Marks First Year,
Looks to a
Bright Future

Antonio D. Tillis hit the ground running when he began his tenure as Rutgers University–Camden’s chancellor on July 1, 2021. “I have been fortunate to have enjoyed a fruitful and productive first year at Rutgers–Camden,” said Tillis, a noted scholar of Afro-Hispanic studies who previously served as interim president of the University of Houston–Downtown.

Accomplishments from Tillis’ first year leading the university include his “15 in 5” slate of initiatives, which consists of 15 strategic programs in a five-year strategic plan. Initiatives that have already launched include the Chancellor’s Learning Abroad Course Scholarship, the Chancellor’s Grant for Staff Development, and the inaugural edition of the Chancellor’s Lecture Series on Global Racial Reckoning and Civility, which featured noted author and scholar Sheryll Cashin.

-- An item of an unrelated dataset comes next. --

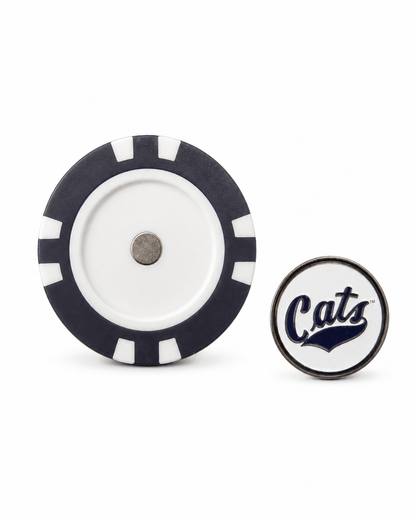 Officially Montana State Bobcats Poker Chip Ball Marker - Club Rehab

Another program in Tillis’ 15 in 5 plan is the Chancellor’s Mayoral Internship Program, which will give at least five students per year the opportunity to work alongside civic leaders in the City of Camden’s Mayor’s Office. “This program is an excellent example of how we can serve the city of Camden as an anchor institution striving for the public good,” Tillis said. “Our students will be introduced to the many possibilities that accompany a career in public service. And they will bring their own knowledge to the internships, applying their skills to help advance the key government functions that are essential to the life of our great city.”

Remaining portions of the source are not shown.